■ TASK DESCRIPTION:
Write out the data word for word and omit every picture.

Entries taken from a collection
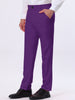 Classic Solid Color Mid Rise Full Length Dress Pants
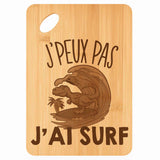 Planche bambou gravée personnalisée femme homme idée cadeau Fête des Mères Fête des Pères apéro papa maman prénom cuisine plateau fromage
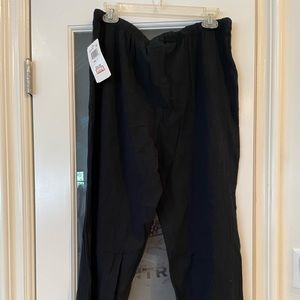 New ladies large black cotton gauze pants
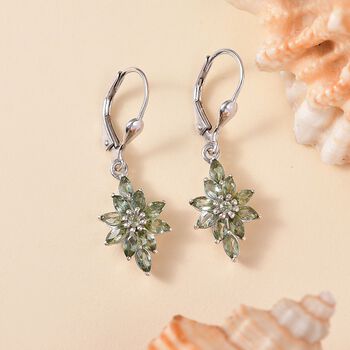 Nat&uuml;rliche, gr&uuml;ne Apatit Ohrringe - 1,98 ct.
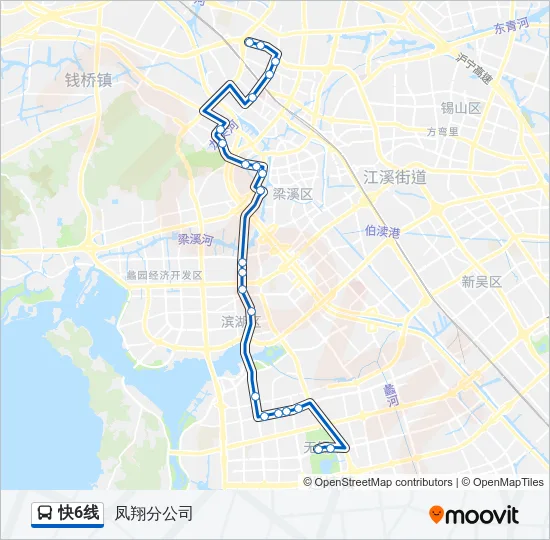 快6线 Bus Line Map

■ PROBLEM SOLUTION:
 Classic Solid Color Mid Rise Full Length Dress Pants
 Planche bambou gravée personnalisée femme homme idée cadeau Fête des Mères Fête des Pères apéro papa maman prénom cuisine plateau fromage
 New ladies large black cotton gauze pants
 Nat&uuml;rliche, gr&uuml;ne Apatit Ohrringe - 1,98 ct.
 快6线 Bus Line Map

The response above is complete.